I have decided to follow one of the great passions of my life – makeup. I want to be a makeup artist. I love everything about makeup. I spend thousands of dollars a year on new makeup. I watch YouTube video, read beauty blogs and Kevyn Aucoin books. My poor eight year old daughter is my guinea pig.t I love the transforming properties of the art of makeup.
i grew up with a mother that did her makeup, as soon as she got up (after coffee that is). I mean I never even really saw her without makeup on. She always said that a woman never goes out looking a mess. I took this lesson to heart. Even when I was in active addiction, and sick as a dog, throwing up all over the place, I at least put on foundation, blush, and mascara before we drove in town to cop. I mean I may have been ill, but I had to at least look at little bit presentable.
During the one year that I studied at University of Maryland, I took a Women in the Arts class. Pretty much a feminism class. I always was some what into feminism due to Courtney Love and PJ Harvey. This class, however got me into Betty Freiden, and “The Vagina Monologues”, and Elizabeth Wurtzle, and even Candice Bushnell. I adored the Gorilla Gurls. I understood the feminist statements made by Lil Kim and Missy Elliot. I read a great book written by a Rolling Stone writer, Gerri Hirshey called “We Gotta Get Out Of This Place” which was a book about “the true, tough story about women in rock”. Courtney Love became my hero (in all fairness, Courtney Love still is my hero).

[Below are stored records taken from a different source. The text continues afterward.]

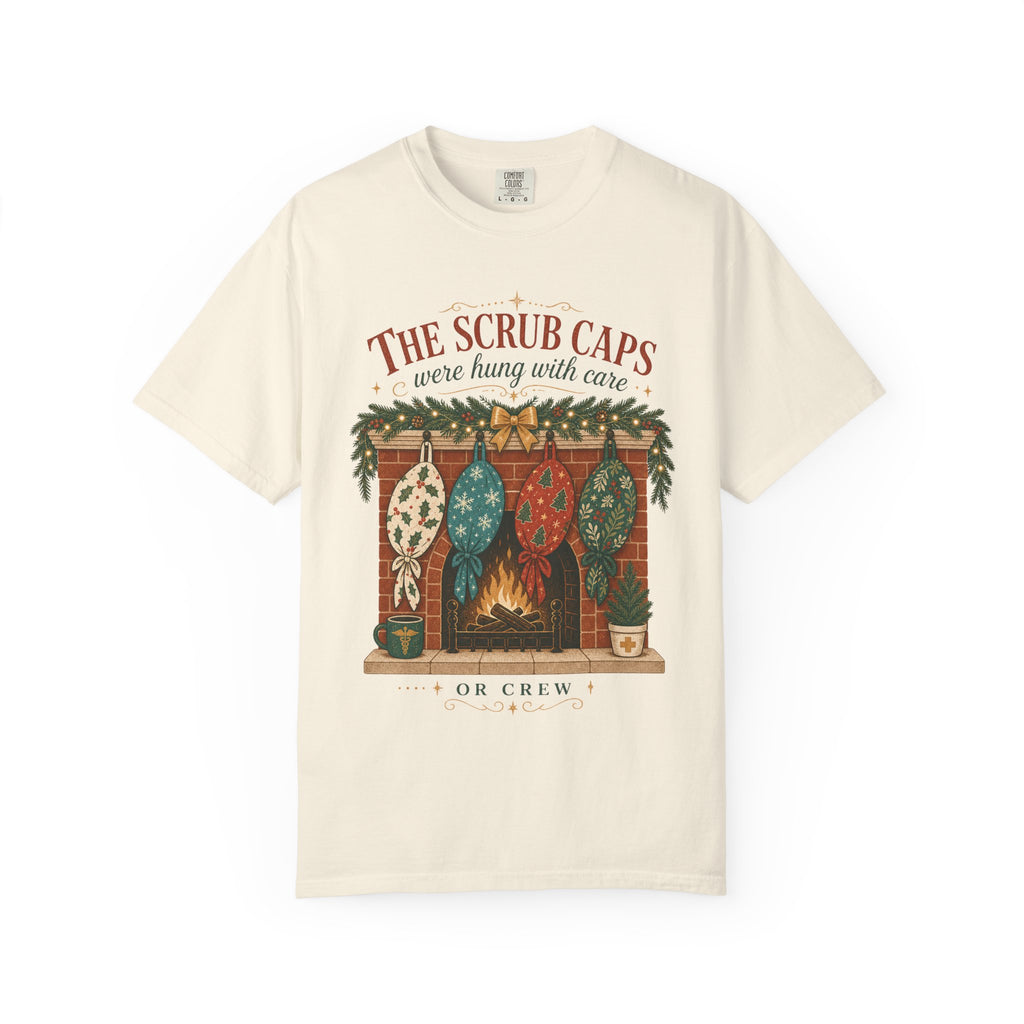 The Scrub Caps Were Hung with Care Comfort Colors 1717 Christmas tee in Ivory
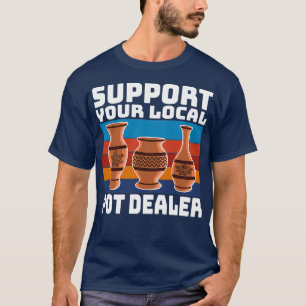 Funny Pottery Sculpting Gift Support Your Local Po T-Shirt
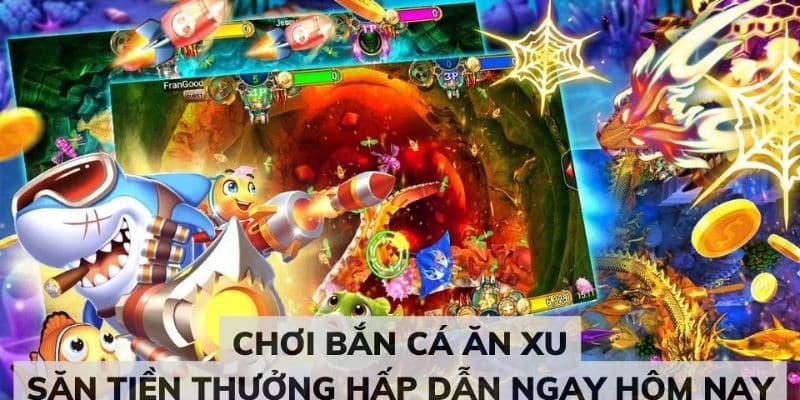 Tại sao bắn cá ăn tiền trên điện thoại có sức hút đến vậy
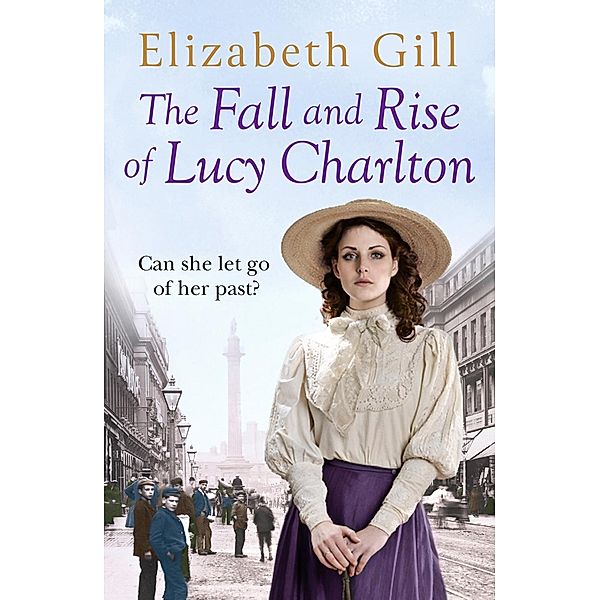 The Fall and Rise of Lucy Charlton, Elizabeth Gill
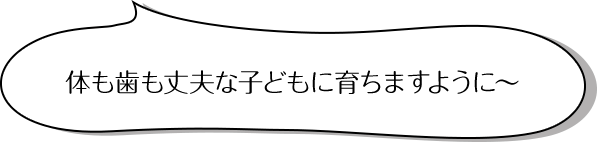 体も歯も丈夫な子どもに育ちますように～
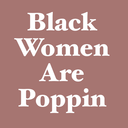 blackwomenarepoppin avatar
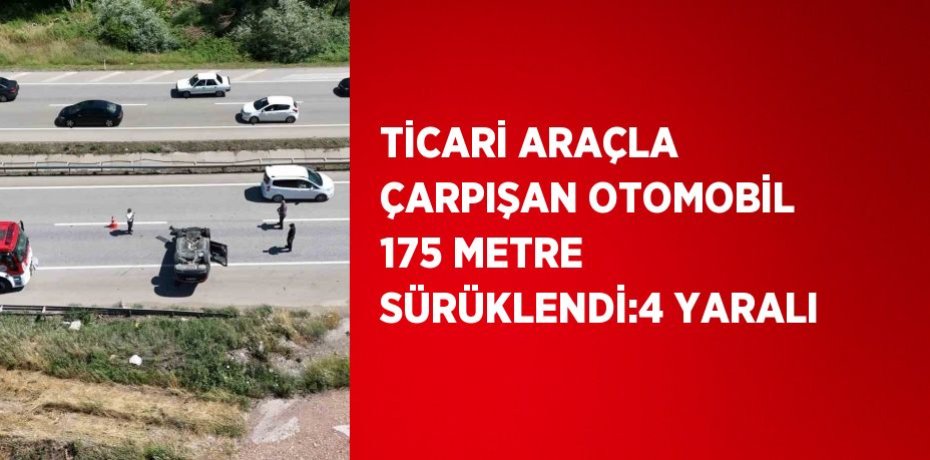 TİCARİ ARAÇLA ÇARPIŞAN OTOMOBİL 175 METRE SÜRÜKLENDİ:4 YARALI
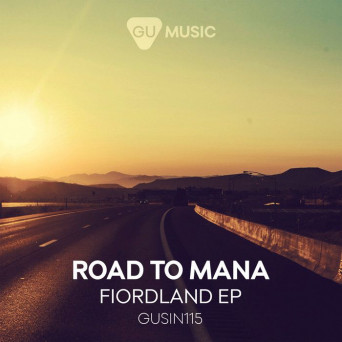 Road To Mana – Fiordland EP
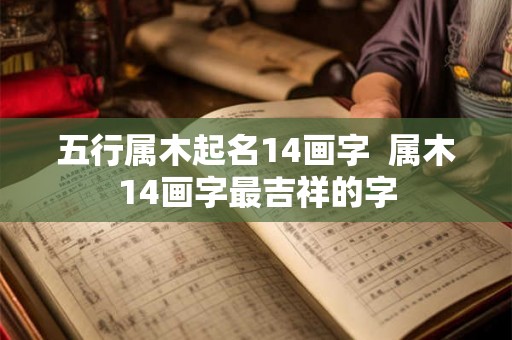 五行属木起名14画字 属木14画字最吉祥的字 五行属木起名14画字 属木14画字最吉祥的字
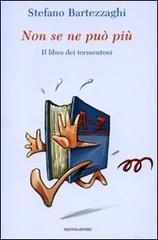 Non se ne pu� pi�. Il libro dei tormentoni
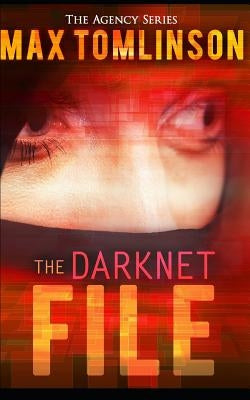 The Darknet File by Tomlinson, Max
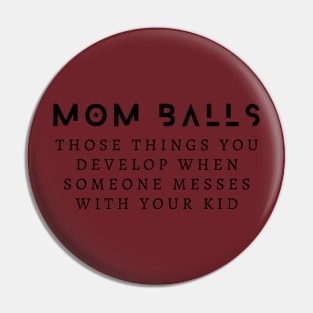 Mom Balls Those Things You Develop When Someone Messes With Your Kid Pin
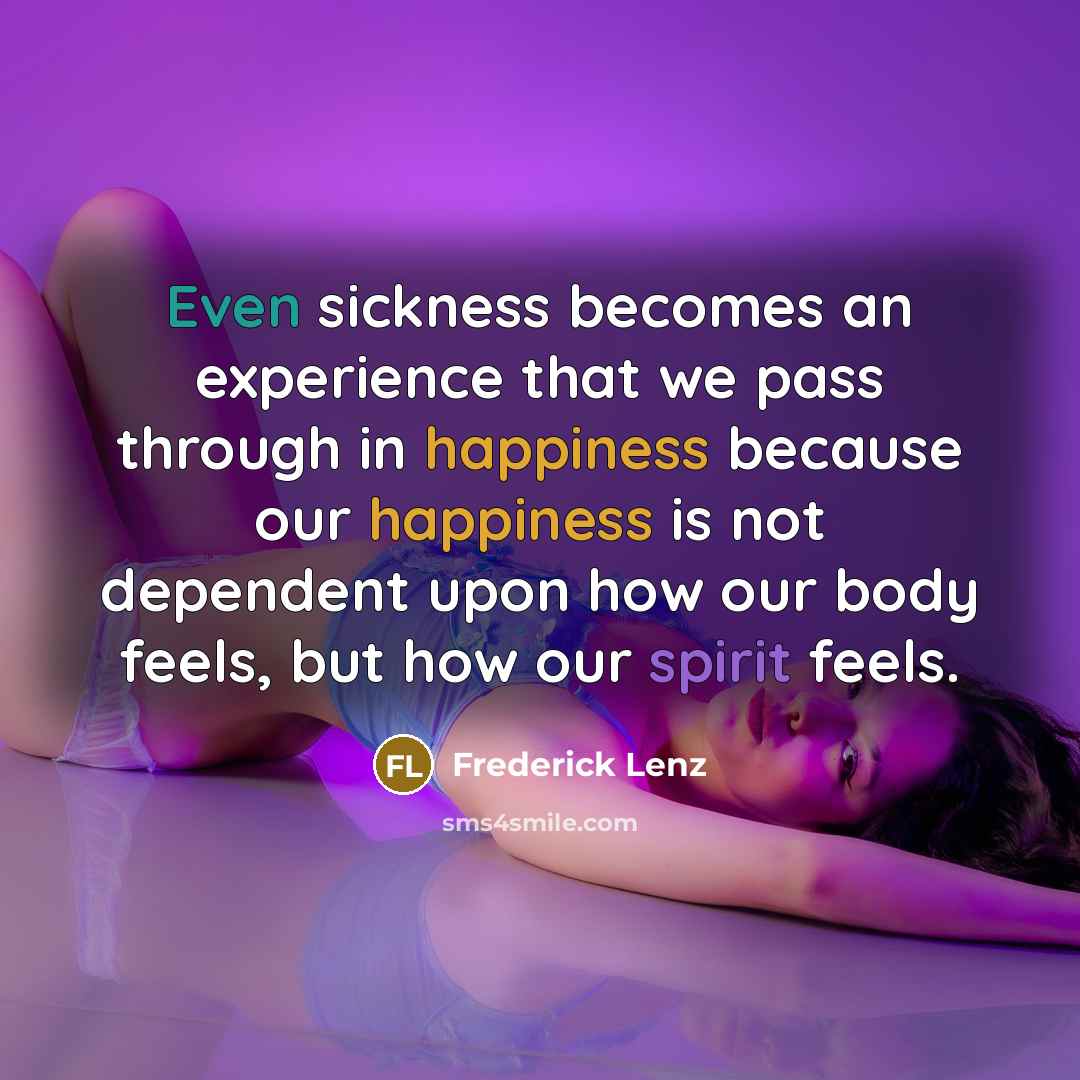 “Even sickness becomes an experience that we pass through in happiness because our happiness is not dependent upon how our body feels, but how our spirit feels.” quote by Frederick Lenz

I still consider myself a feminist. I am also a civil rights activist, but that is a topic for another day, another post. So here in lies my dilemma, is being a makeup artist, making women look pretty, perpetuating stereotypes that women need to be beautiful? “When I wake up/ In my makeup/ I’m glad I came here/ With your pound of flesh” – Hole, “Celebrity Skin”.
I will admit it, I like to look pretty. I am a little embarrassed that as such a strong feminist I still feel the need to be pretty, but it’s true. But makeup is so much more than that. I love playing with colors. I love try different eye looks. I love copying looks from Kevyn Aucoin’s books. I love making my daughter look like a Monster High character.
For me doing makeup, be it my own or someone else’s is an escape, an art form. I can’t draw. I can’t paint. The arts I always did, was dancing, playing guitar, singing, poetry. This is my form of painting. I love transforming myself (or someone else) into Harlow, Monroe, or Cher.
I love high quality makeup. I love how high end makeup brands like Nars, Make Up Forever, lorac, MAC, and Smashbox have themes and all the makeup for that season follows the theme. Nars did Warhol and Guy Bordin, MAC has done Barbie, Hello Kitty, and Wonder Woman to name a few. They become collectible pieces of art. Wearable art. It is awesome.
In short, I don’t really think that makeup is a defector of the women’s movement. I put on makeup when I am home with the kids and my husband is at work. I do it for me. I do it because I love it. I get myself put together, because I feel good about myself. Doing something to care about me, helps my depressive personality. It is me time. My husband would love me the same with or without eyeliner on. I hold my head a little higher with it on though. I don’t think that my self worth is tied to it though. I don’t wear this look or that look to be as society thinks that I should be or wants me to be I wear different looks because that is me. I am a woman who loves makeup. I am a lipstick wearing feminist, and isn’t just as bad to say that a real feminist doesn’t do her hair and makeup as it is to say that a real woman does?